This award is funded under the American Recovery and Reinvestment Act of 2009 (Public Law 111-5).
The International Research Fellowship Program enables U.S. scientists and engineers to conduct nine to twenty-four months of research abroad. The program's awards provide opportunities for joint research, and the use of unique or complementary facilities, expertise and experimental conditions abroad.
This award will support a twenty-four-month research fellowship by Dr. Paul Baginski to work with Dr. Tuna Altinel at the University of Lyon in France.
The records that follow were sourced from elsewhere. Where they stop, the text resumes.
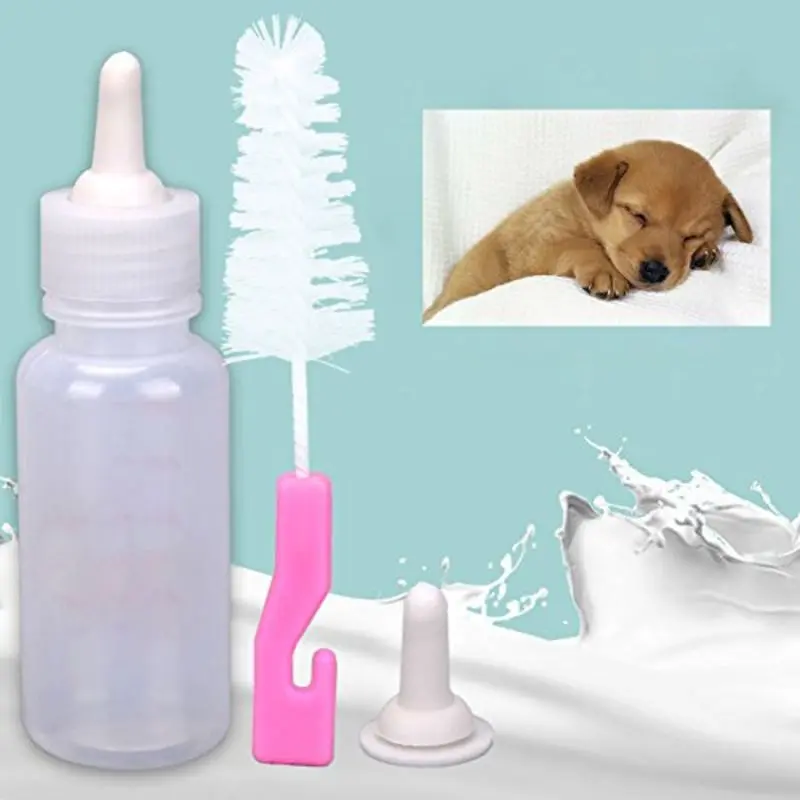 Condolence image of Post von Gatita und Timmy + Schnuffi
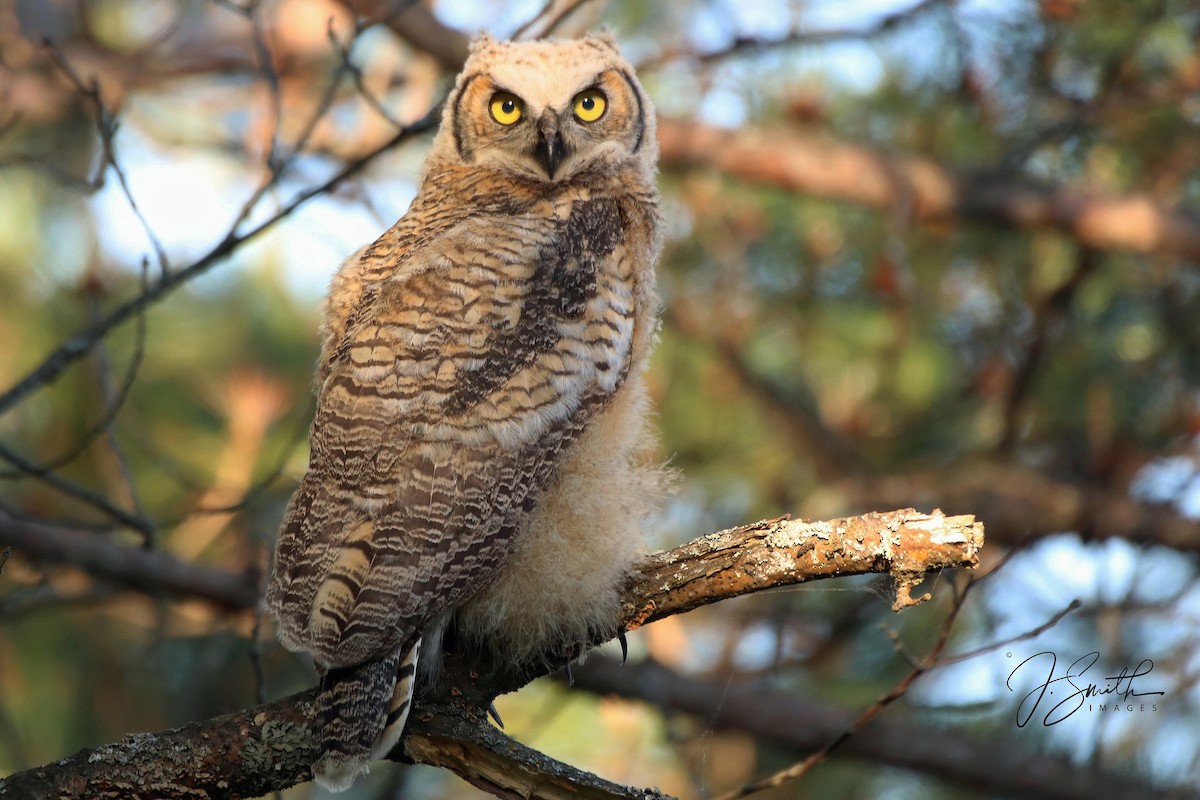 Great Horned Owl - ML167281131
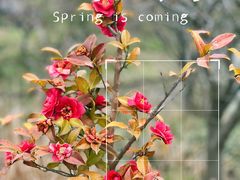 -花开海上生态园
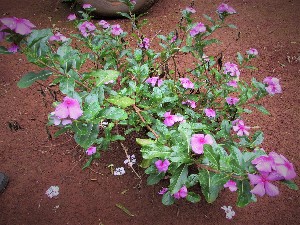  (Impatiens walleriana - veg095)  @11 [ ] Unspecified (default): All Rights Reserved  Unspecified Unspecified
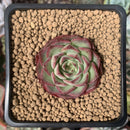 Echeveria 'Dancing Bird' 2" Succulent Plant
Permutation groups provide the mathematical abstraction of the symmetries of a specified object. While finite permutation groups have long been examined, the current project uses model-theoretic methods to extend this mathematical theory to several classes of infinite permutation groups with finitary properties. In particular, the project focuses on the strong model-theoretic properties of finite Morley rank (fMR) and countable categoricity. In the case of finite groups, many insights about permutation groups occurred toward the end of the classification program for finite simple groups. In the infinite case, model theorists have pursued an analogous classification program for simple groups of finite Morley rank for nearly thirty years. The current status of the classification prompted two prominent researchers, Alexandre Borovik and Gregory Cherlin, to signal in 2007 that significant progress on infinite permutation groups of finite Morley rank is imminent. The proposed project has begun by addressing one of Borovik and Cherlin?s questions concerning the fundamental model theoretic interactions between the permutation group and the set upon which it acts, equipped with a relational ?footprint? of the group action. The investigation proceeds in the fMR case toward analysis of primitive permutation groups, generic n-transitivity, and other related problems. In parallel, the project considers these same problems, but with countable categoricity in place of finite Morley rank. Whereas groups of fMR generally resemble algebraic groups over algebraically closed fields, countably categorical groups tend toward infinite-dimensional vector spaces over finite fields. Taken together, groups with the properties of finite Morley rank or countable categoricity encompass many familiar examples of infinite permutation groups which appear across mathematics. Advances in the fMR or countably categorical settings can be expected to have broad applicability within model theory and other fields such as number theory, algebraic graph theory and abstract geometry.
The project features international cooperation, with involvement from researchers from the USA, France, the United Kingdom, Germany, and elsewhere, and the results would have rapid and wide circulation. Furthermore, implications of this research could easily reach beyond mathematics, since permutation groups are used in the applied study of symmetries of many objects, from crystals to the arithmetic curves that underlie much of modern cryptography. Due to their size, some of these objects are effectively ?infinite?. For example, the world-wide-web, when considered as a set of points (webpages) connected by lines (hyperlinks), forms a nearly impossible system for full-scale analysis. While computationally infinite, such objects are naturally finite. In this case, it may be fruitful to analyze their symmetries using infinite permutation groups with finitary properties, such as the ones featured in this research.